Tolkien’s The Lord of the Rings and C.S. Lewis’s Narnia provide the blueprint; a just, magical realm is threatened with destruction by dark, corrupting forces, which must be beaten back by chosen hereditary rulers.

no, no, you’re wrong, because a) the force that defeats sauron is not a chosen hereditary ruler, and b) the really cool thing about tolkien’s cosmology is actually that he does this same thing where he uses apocalypse as both a destructive and creative force, the world has to be broken to be created, arda is created flawed and the promise of arda unmarred is a promise eternally deferred, peace in tolkien is fleeting and tends toward decay, I wrote an entire fucking thesis about this

when did I turn into a person who goes “tolkien’s universe is more morally complex than just ‘good vs. evil, chosen one defeats evil, the end’, fight me” because I’m not sure this is the person I want to be

The funniest part of that quote is that the main purpose and usefulness of lotr’s “chosen hereditary ruler” character is that…well, okay, this is a bit of a dubious rabbit hole, but even though Aragorn is not really a subversion of the destiny-driven heir-in-exile heroic trope, his big difference from other straight-played examples of it is that he knows that he’s really, really, not the protagonist of this particular story (not literally, but, like, functionally? When blocking out the in-universe factors that equate to narrative ones, which are abnormally self-aware here due to how meta LOTR is.) And further, he’s genre-savvy enough to realize that Sauron swears by the inevitability of predictable tropes in other people (because this has actually always worked for him - see: the Rings of Power, 2nd Age; Finrod Felagund, 1st Age) and therefore thinks Aragorn is the protagonist of this particular story.

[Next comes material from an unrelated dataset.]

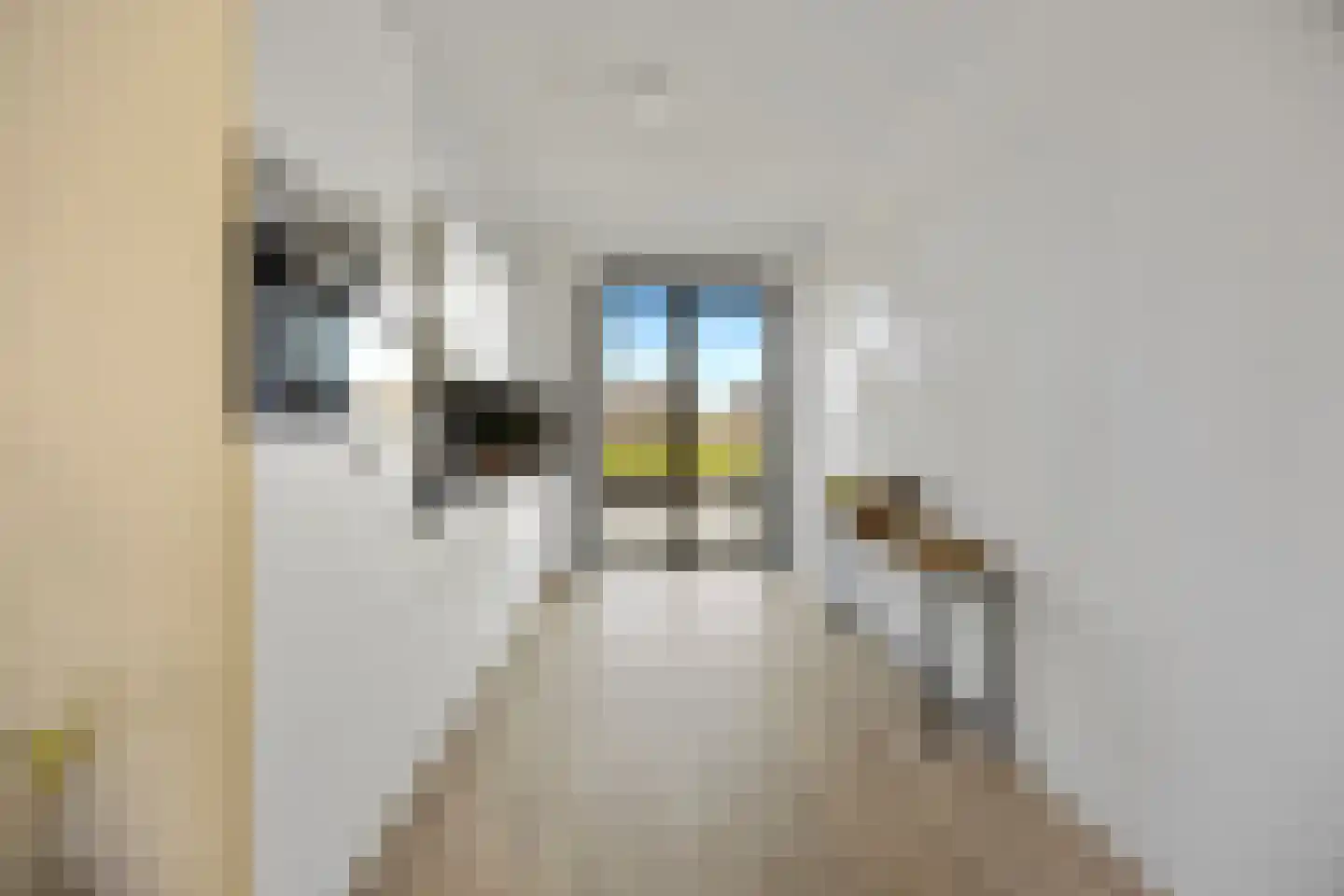 Palissade 15 Sleeuwijk thumbnail 15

And so, Aragorn’s main function is to take advantage of this misunderstanding by gathering up all the advantages of his chosen-one-hereditary-ruler-destined-hero-prophecy-fulfiller-ness – both personal (all his know-how and bamf-ery and connections acquired through the improbably cool past granted to him due to his membership in this archetype) and narrative (all the military resources and personal authority that are currently at his disposal due to plot events he was allowed to handle due to his membership in this archetype) – bundling it into a giant ball, and fastballing it at Sauron in the style of some kind of “Dark Lord vs Chosen One: which one can overwhelm the other one through superior might?” climactic battle as convincingly and distractingly as he can (not really expecting, but hoping, they will be of some help to Frodo and that Frodo will somehow save everyone). Which eggs on Sauron’s mistaken belief that he’s in a completely different story from the one LOTR actually is, thereby emptying Mordor of soldiers, focusing all the attention on the army outside the gate, and giving Frodo and Sam a clear path to Mount Doom. Weaponized protagonist-vibes used in the role of a supporting character, in order to serve the actual protagonist.

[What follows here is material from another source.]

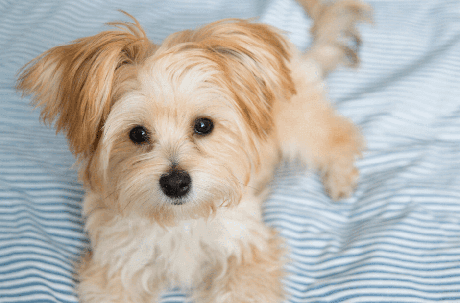 DESIGNER DOGS (BREEDS)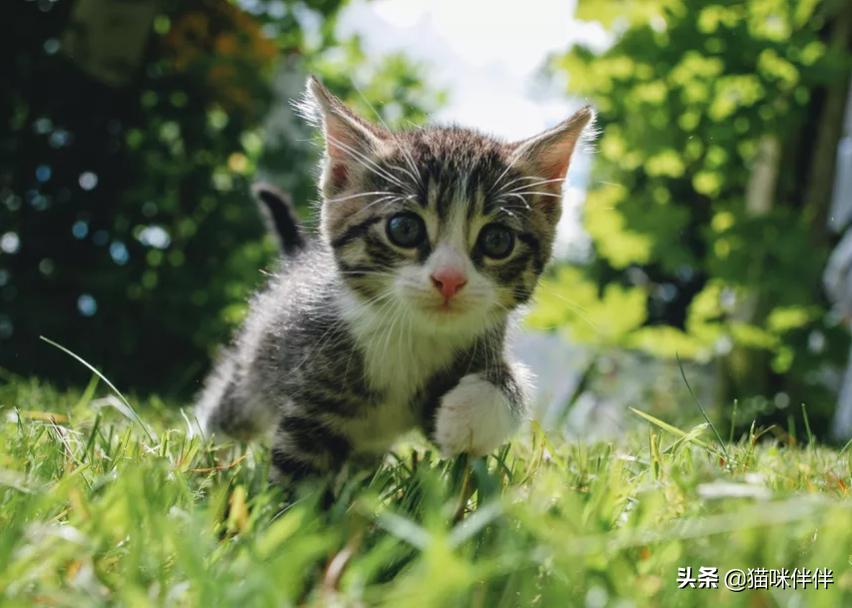 怎么样注意小猫的安全,小猫日常生活和可以保护家的技巧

(yeah, ofc, big oversimplification of that B-plot’s many, many secondary meanings for the bigger scheme of things, but I mean, this is its primary meaning for the A-plot that everything else hangs on bc everything else is a lost cause otherwise.)

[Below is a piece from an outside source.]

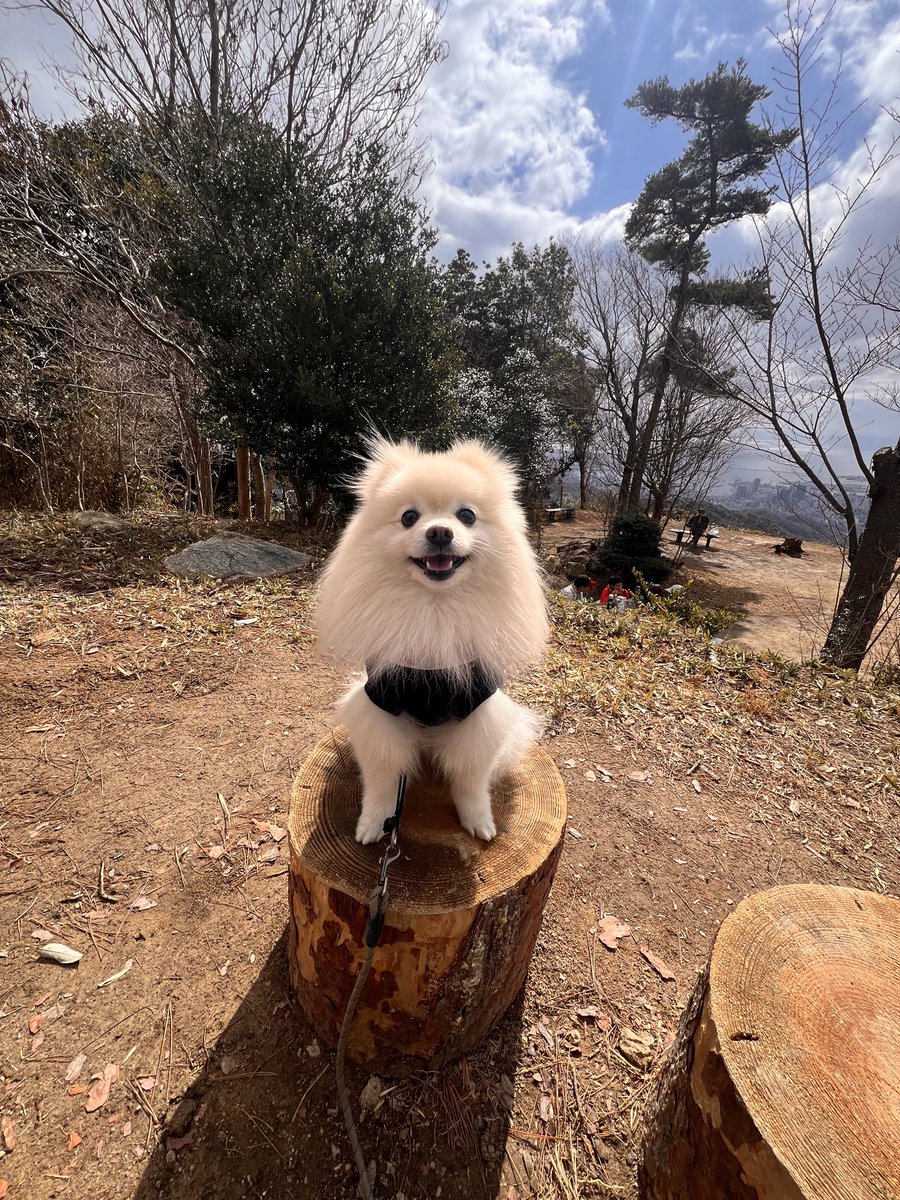 gooo_choki_paaa's tweet photo. 🐾
#ポメラニアン https://t.co/GIcAXgkX4X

By “funniest” I mean…funny how so much lotr-inspired sci fi and fantasy tends to ape at face value the bullshit explanation of the plot that Aragorn fed Sauron/allowed Sauron to believe: “Yeah man, I’m totally the protagonist!! I mean, I’m the chosen one, and the heir of the guy who defeated you the first time, and everything, how could I not be the protagonist, and this attack is totally that big damn good vs evil battle that happens at the end of all the stories that’s against-all-odds for the dramatic tension, but which I expect to magically win due to being a protagonist, pay no attention to the hobbit behind the curtain, hahahahaha, hey, over here, keep your eyes on me, uh, remember this sword? Elendil!! Elendil!!”